Model Performance vs Response Length of Different Model Sizes [6]

Furthermore, recent reports [5] suggest that model size plays a crucial role in unlocking improved performance, with many observed advancements directly tied to scaling. Kimi k1.5 [6], released concurrently with DeepSeek R1, adopted a similar approach and reported related findings.

Specifically, they observed that larger models tend to demonstrate better token efficiency, requiring fewer reasoning tokens to achieve comparable performance. This aligns with the broader trend that increasing model scale enhances reasoning capability while optimizing computational efficiency.

Recent Research

DeepSeek R1's arrival has sparked interest in the engineering and research communities, leading to deeper investigations into RL-based reasoning models. Recent research aims to explore how and why RL-based reasoning works.

A key question that researchers seek to answer is: Do the "emergent" behaviors of reasoning models, such as self-reflection, backtracking, and problem decomposition, truly emerge during RL training?

DeepSeek-R1-Zero training loop Repetitive self-reflections that fail to provide a valid answer (either correct or incorrect) [7]

Liu et al. [7] suggest that patterns like self-reflection already exist within pre-training data. However, LLMs often struggle to effectively leverage these patterns to enhance performance, leading to superficial self-reflection — instances where reflections do not contribute to improved accuracy. RL facilitates an exploration process that enables LLMs to identify what reasoning patterns to use and when to apply them. In this way, RL serves as a mechanism to discover and utilize latent reasoning capabilities embedded in pre-training data.

Yeo et al. [8] support this hypothesis, noting that phrases indicative of reflection or thought branching are present in pre-training datasets but require proper guidance to be effectively utilized.

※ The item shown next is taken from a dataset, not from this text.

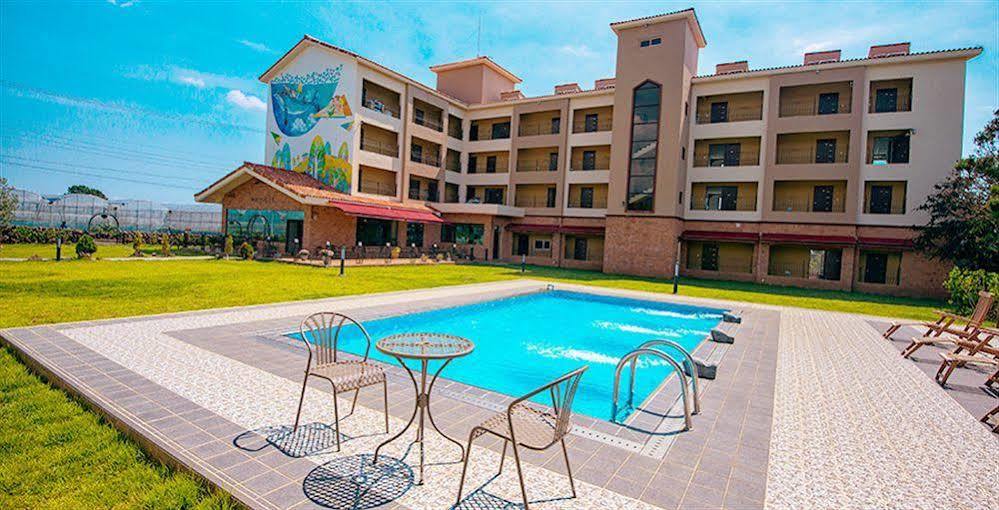 Famille Spa Resort Seogwipo Dış mekan fotoğraf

Another area of research focuses on identifying the essential components of RLVR in reasoning model development. Key insights from recent studies include:

Model size is crucial [4, 5, 6]. Larger models tend to be better suited for constructing effective reasoning models.
Instruction-tuned models provide a better starting point (initial policy) than base models [5, 7, 8], leading to improved training efficiency.
Response length fluctuations are expected during training [10]. Initial drops in response length are common but stabilize as training progresses.
Context length presents a trade-off [11]. While a larger context window may improve performance, it also increases the risk of models generating content until the context limit is reached without meaningful reasoning. Conversely, a smaller context window forces models to be more efficient in reasoning.
Reward design is critical, and reward shaping plays a significant role in stabilizing training. [8, 12]
SFT on long thought data mitigates cold start issues [7, 8, 9, 11], providing a better initialization point and potentially narrowing the RLVR search space.
Generalization is observed beyond training domains [8]. Even with limited domain training, models often exhibit transferability to other domains.
Different RL algorithms impact training stability and final performance [8, 12], but the magnitude of these effects varies.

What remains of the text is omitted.